(Source records begins)

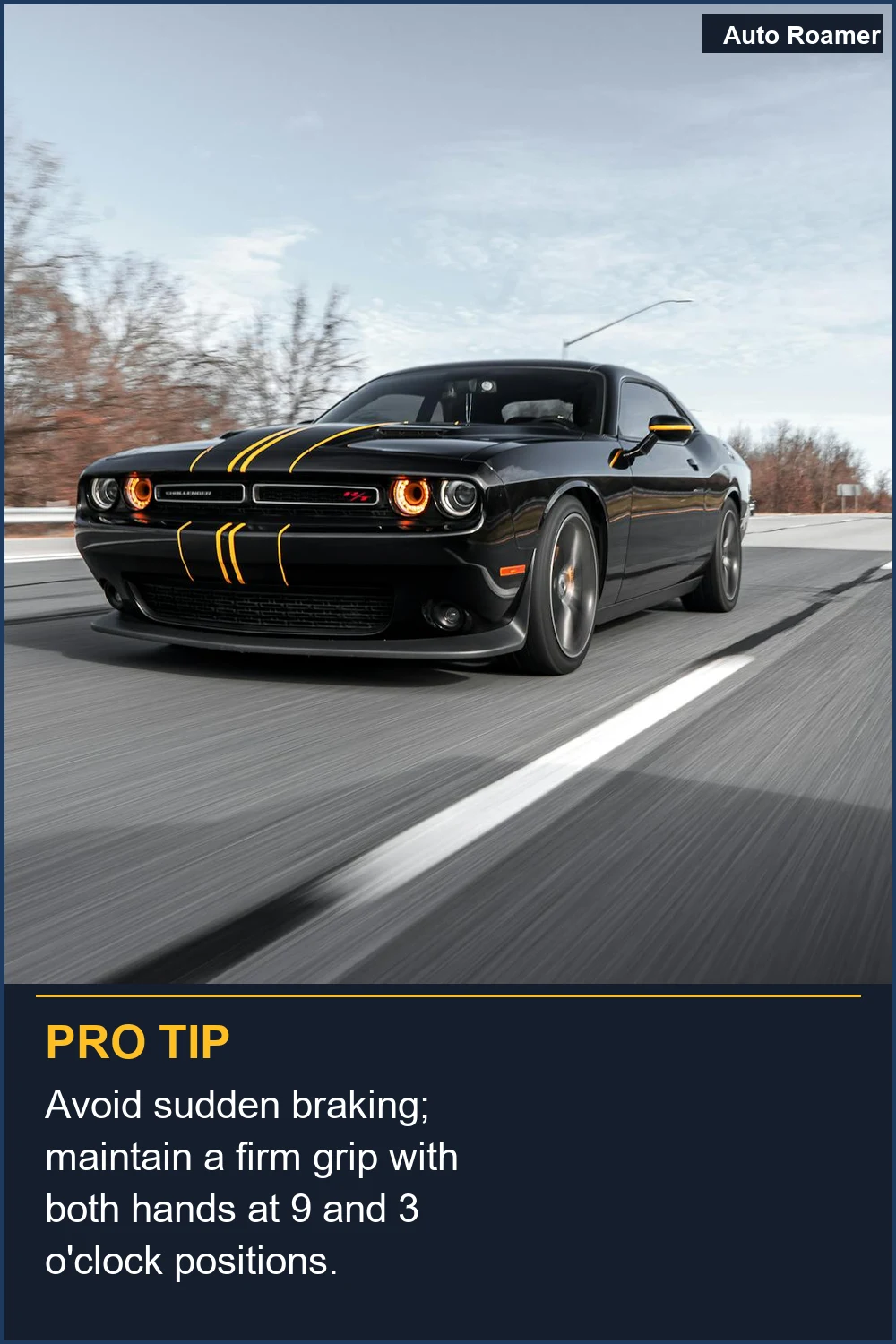 Evita frenar de golpe; mantén un agarre firme con ambas manos en las posiciones de 9 y 3 en el reloj.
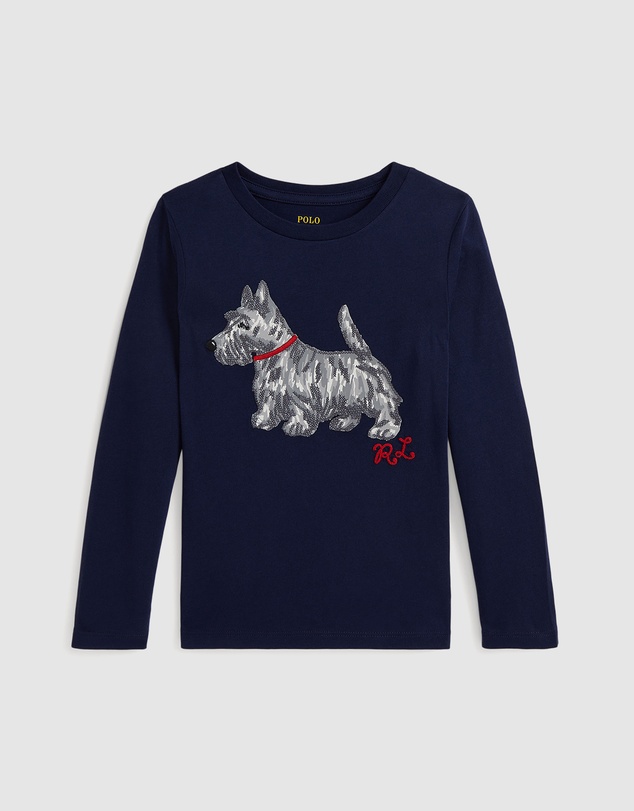 Polo Ralph Lauren - Dog Print Cotton Long Sleeve Tee - Kids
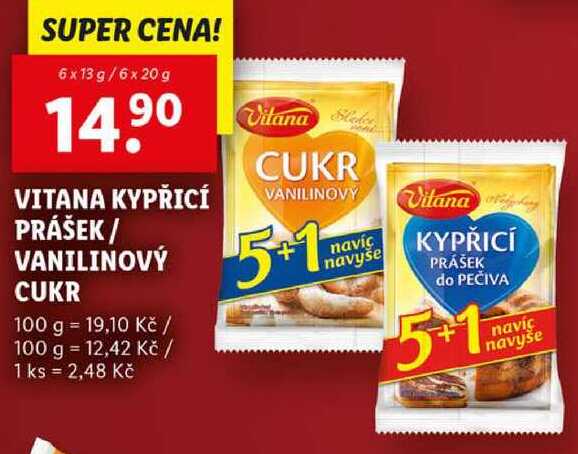 VITANA KYPŘICÍ PRÁŠEK/VANILINOVÝ CUKR, 6x 13 g/6x 20 g v akci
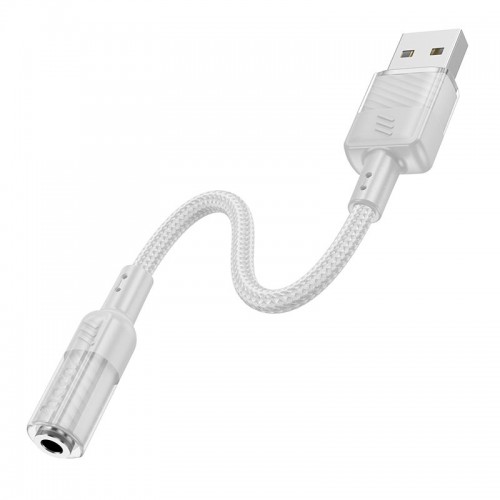 Адаптер HOCO Spirit прозрачная внешняя звуковая карта USB на 3,5 мм LS37 |15 см, ЦАП| серый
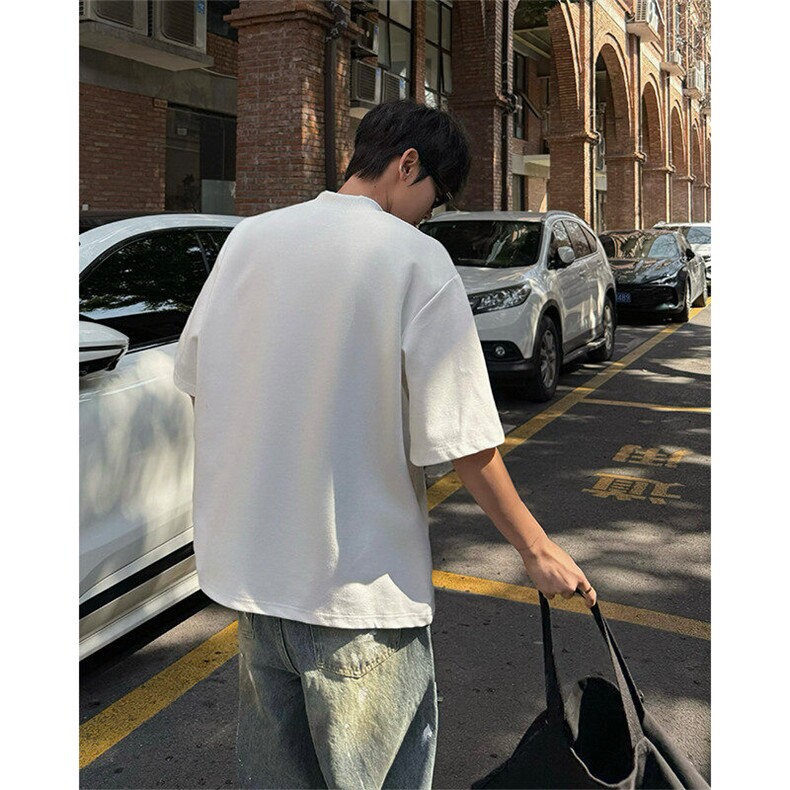 夏季中式立领拼接设计小众T恤短袖打底男风宽松上衣短袖T恤P38图片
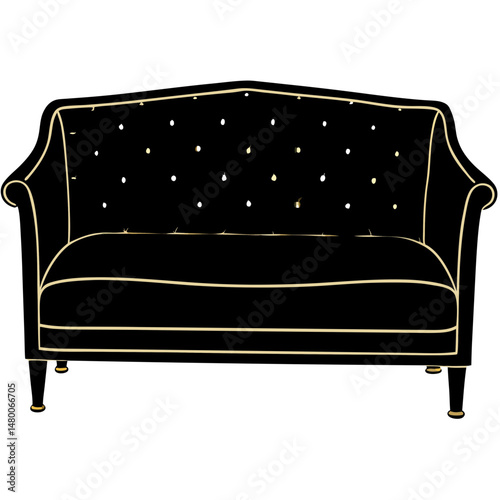 Velvet Tufted Sofa with Gold Accents – Black Silhouette Vector on White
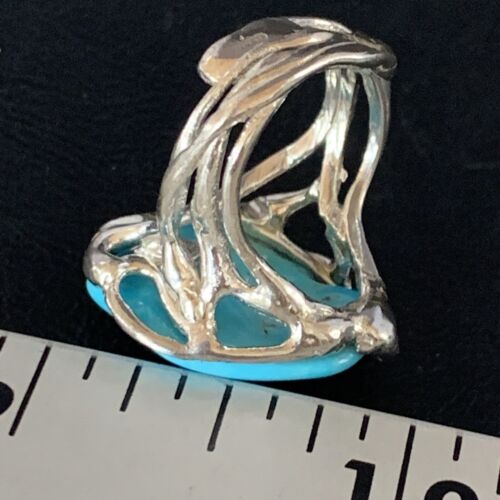 Navajo Blue Kingman Turquoise Ring | Sterling Silver | Sz 8 | Authentic Native American Handmade | 13542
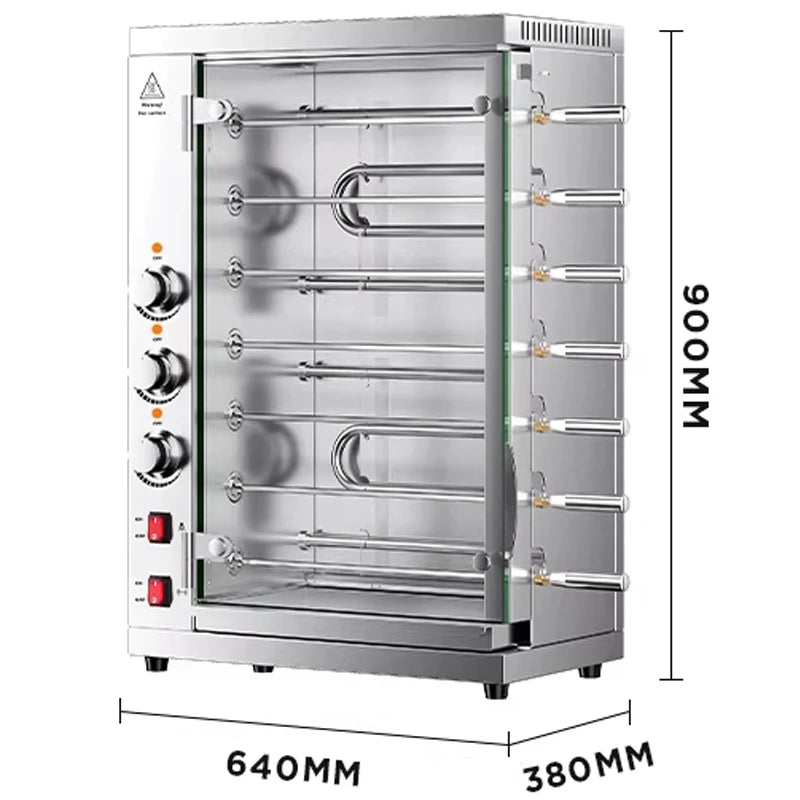 Churrasqueira Comercial com 3/5/7/9 Grelhas, Forno Rotativo, Churrasqueira Brasileira, Forno Elétrico de Convecção (Personalizável)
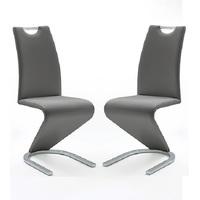 Amado Z Grey Faux Leather Dining Chair In A Pair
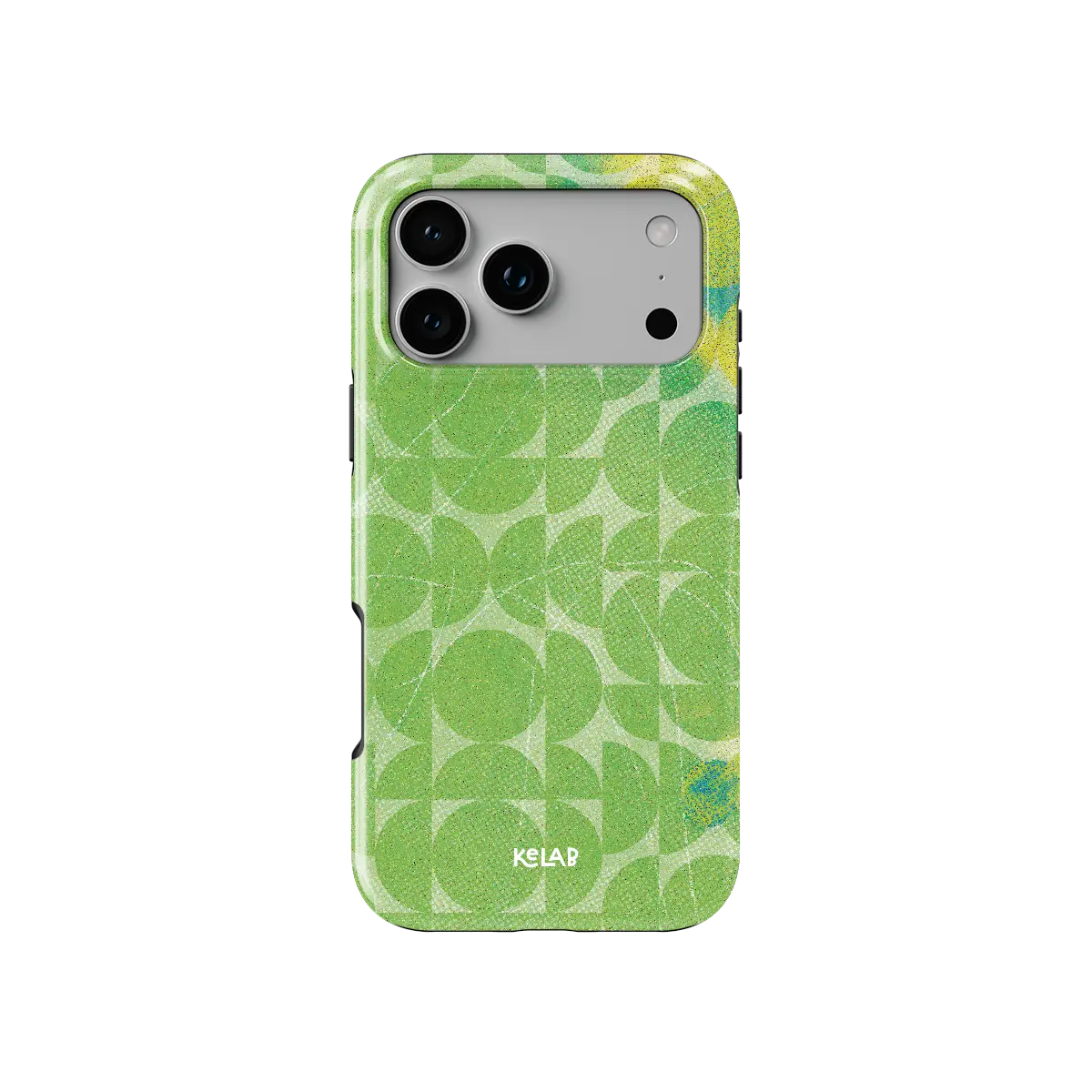 Lime Float green retro geometric circles Tough iPhone case, front view showing the pattern.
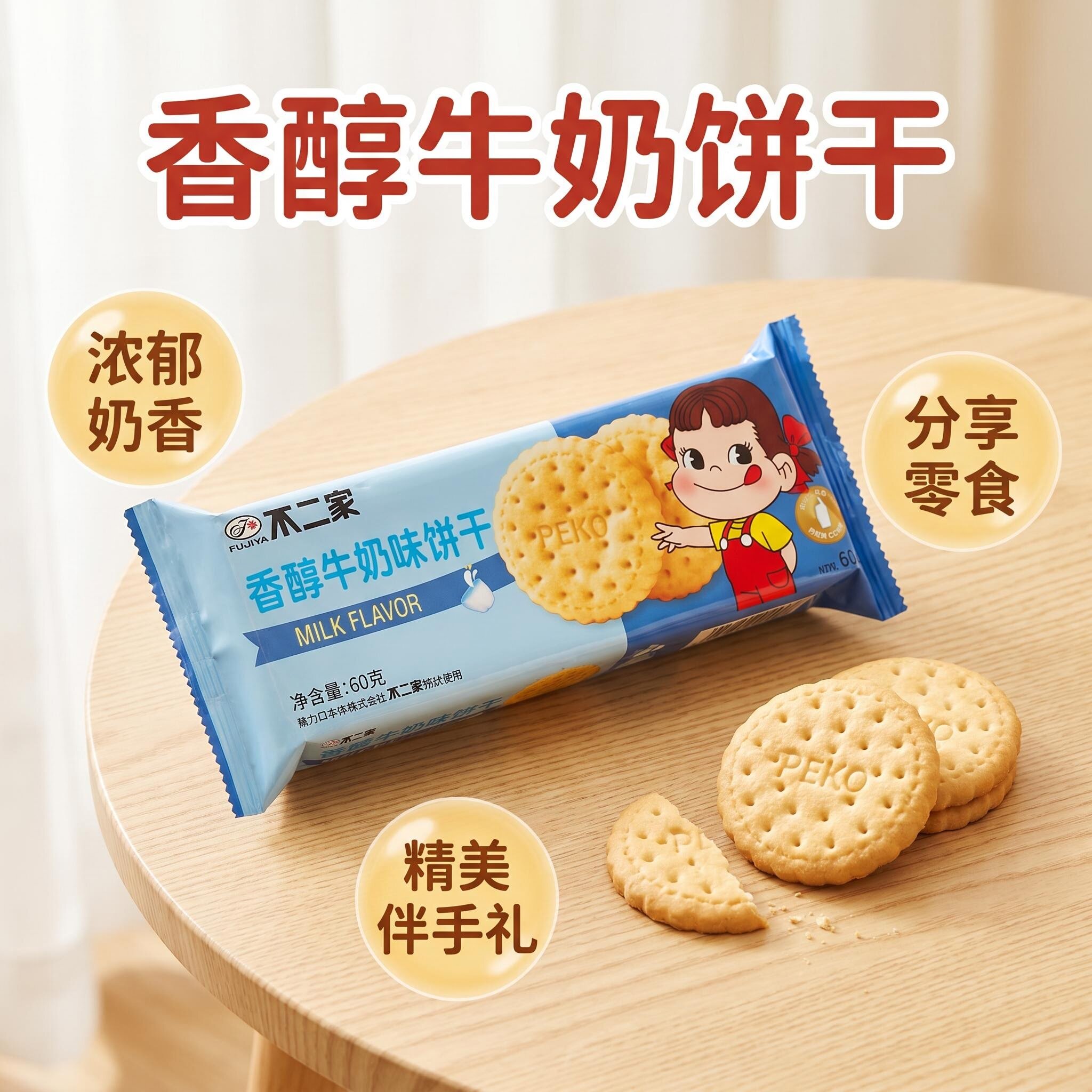 【临期】不二家香醇牛奶味饼干60g儿童小零食饼干休闲酥脆礼物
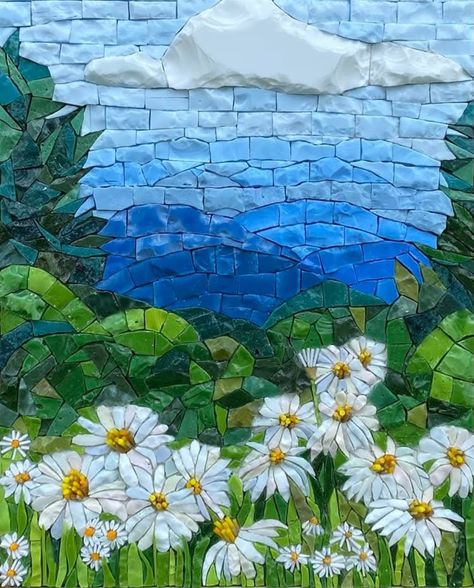 Mosiacs Projects Diy, Easy Mosaic Projects For Beginners, Flower Mosaic Art, Flower Mosaic, Mosaic Flowers, Mosaic Artwork, Mosaic Projects, Mosaic Designs, Large Flowers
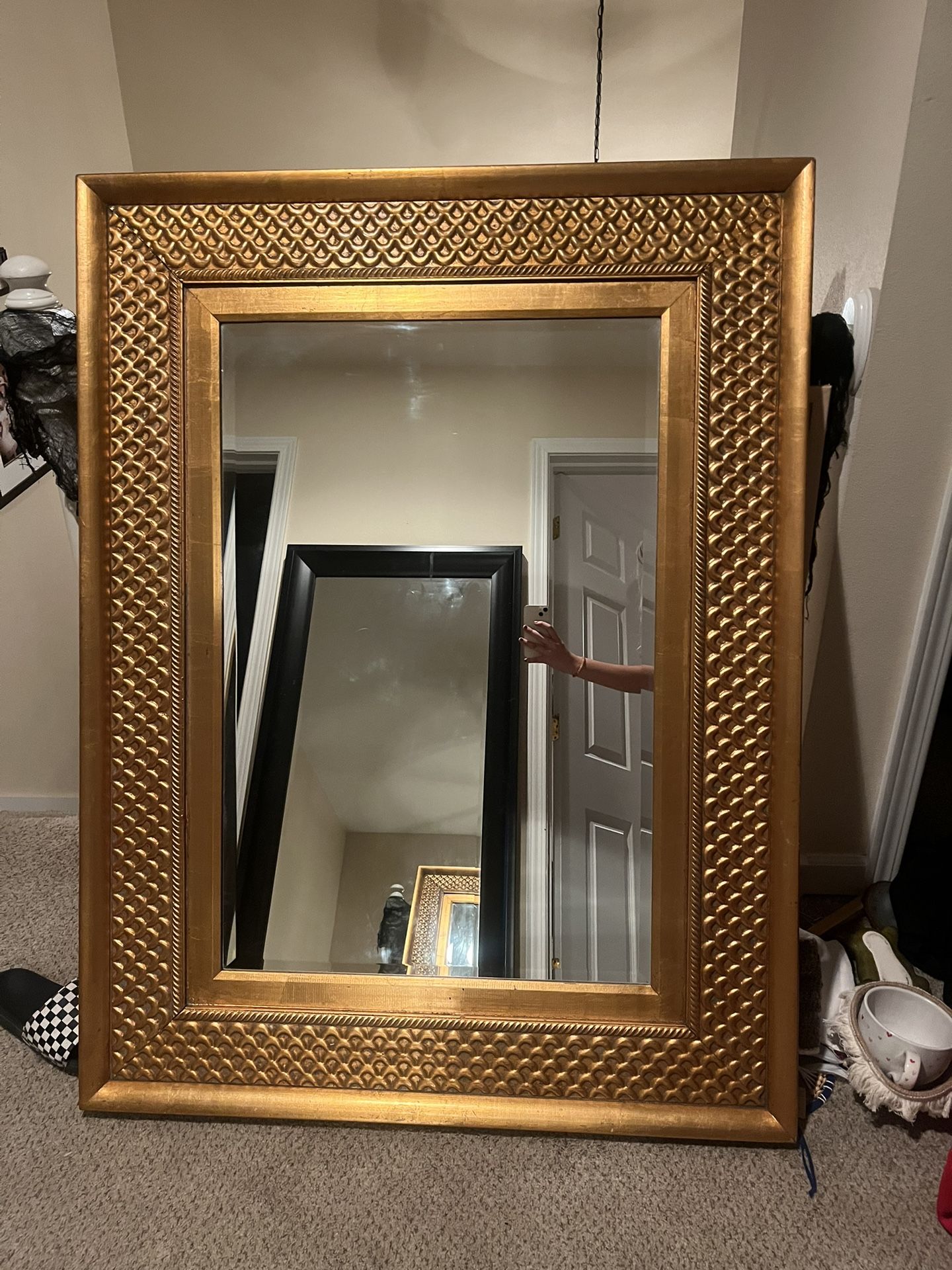 Vintage French Gold Square Mirror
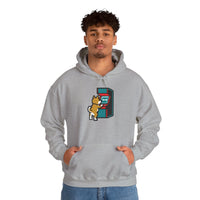 8-Bit Pixel Gaming Dogs Hoodie - Soft Cotton Blend Pullover Fleece - Unisex White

(Source records ends)

* Task details
Please output only the lines running from the one that holds "夏季中式立领拼接设计小众T恤短袖打底男风宽松上衣短袖T恤P38图片" through the last line of the entries, both ends included, without any images.

* Response
 夏季中式立领拼接设计小众T恤短袖打底男风宽松上衣短袖T恤P38图片
 Velvet Tufted Sofa with Gold Accents – Black Silhouette Vector on White
 Navajo Blue Kingman Turquoise Ring | Sterling Silver | Sz 8 | Authentic Native American Handmade | 13542
 Churrasqueira Comercial com 3/5/7/9 Grelhas, Forno Rotativo, Churrasqueira Brasileira, Forno Elétrico de Convecção (Personalizável)
 Amado Z Grey Faux Leather Dining Chair In A Pair
 Lime Float green retro geometric circles Tough iPhone case, front view showing the pattern.
 【临期】不二家香醇牛奶味饼干60g儿童小零食饼干休闲酥脆礼物
 Mosiacs Projects Diy, Easy Mosaic Projects For Beginners, Flower Mosaic Art, Flower Mosaic, Mosaic Flowers, Mosaic Artwork, Mosaic Projects, Mosaic Designs, Large Flowers
 Vintage French Gold Square Mirror
 8-Bit Pixel Gaming Dogs Hoodie - Soft Cotton Blend Pullover Fleece - Unisex White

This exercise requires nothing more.